When averaging the accuracy rates over all planes for multiclass disease classification on the ADNI1: Complete 3Yr 3T, ViT-TST achieved the highest average accuracy of 98.77%, followed by ViT-Bi-LSTM with 97.74%. CNN-TST and CNN-Bi-LSTM also performed well, with average accuracies of 97.64% and 97.08%, respectively (see Table 3). These results suggest that all four architectures are effective for multiclass classification on this dataset, with ViT-TST being the most effective.
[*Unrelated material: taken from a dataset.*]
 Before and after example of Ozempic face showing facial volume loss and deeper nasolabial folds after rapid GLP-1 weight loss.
Evaluation of all the results obtained revealed the ViT-TST architecture to be consistently among the top-performing architectures across all datasets and classification tasks. Therefore, the ViT-TST architecture may be a good choice when designing a classification model for similar datasets and tasks if computational resources and other practical considerations are allowed.
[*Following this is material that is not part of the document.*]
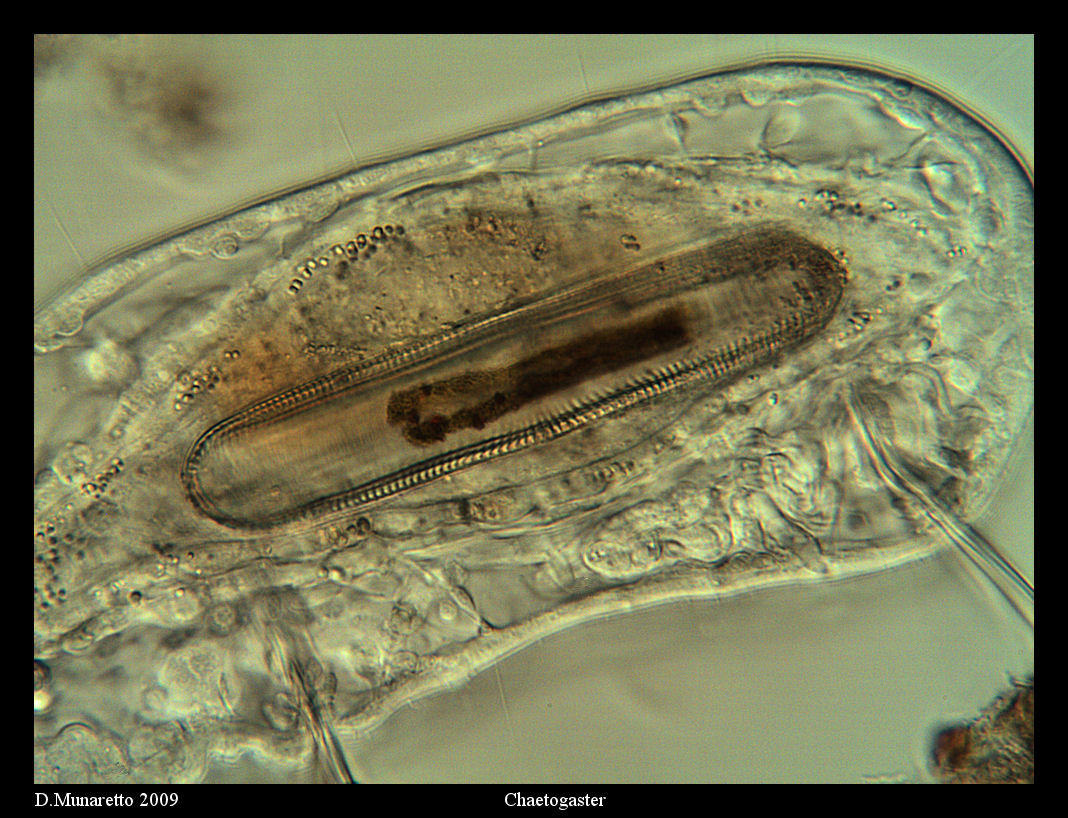 Chaetogaster...con Diatomea Gigante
Thus, we have devised a way to classify AD based on deep learning by combining pre-trained ViT and time series transformers. Many tasks have limited data, making training a model from scratch difficult. In small or unbalanced target datasets, transfer learning lets the model learn from a large dataset and adapt to the smaller target dataset. Transfer learning in ViT improves generalization, training speed, and adaptability to datasets and tasks; the proposed method generalizes well when trained on insufficient amounts of data. To take advantage of transfer learning with a pre-trained ViT, the 3D data from a plane were split into a 2D slice array. The problem with slice-based approaches such as CNN is that they fail to retain the dependencies of associated features between slices. To overcome this problem, the sequence classification task uses a time series classification with a transformer. Another alternative is to use 3D deep models; however, transfer learning with a pre-trained 3D is not currently available. Therefore, these approaches do not generalize well when trained on insufficient data.

Conclusions

Overall, our results show that all four architectures achieved high levels of accuracy and performance on binary and multiclass disease classification tasks. Based on accuracy scores, all models performed well. However, we conclude that the Vi-TST and ViT-Bi-LSTM models perform better than the CNN-TST and CNN-Bi-LSTM models in terms of long-term dependencies among the spatial and temporal patterns in dynamic MRI sequences. In addition, they capture the global context using the self-attention mechanism to ensure that the relevant information from the entire or sequence of images is considered during classification, which reduces overfitting. Transfer learning with the ViT can efficiently handle large 3D MRI datasets by splitting them into 2D slices and applying pre-trained models. This approach not only minimizes the need for large datasets but also utilizes models trained on extensive 2D image datasets. The method also extends transfer learning beyond feature extraction to time series classification, providing valuable insights into underlying medical conditions. We gain deeper understanding of the underlying medical conditions by leveraging the attention mechanism in both feature extraction and classification, demonstrating a sophisticated combination of advanced AI techniques for medical image analysis.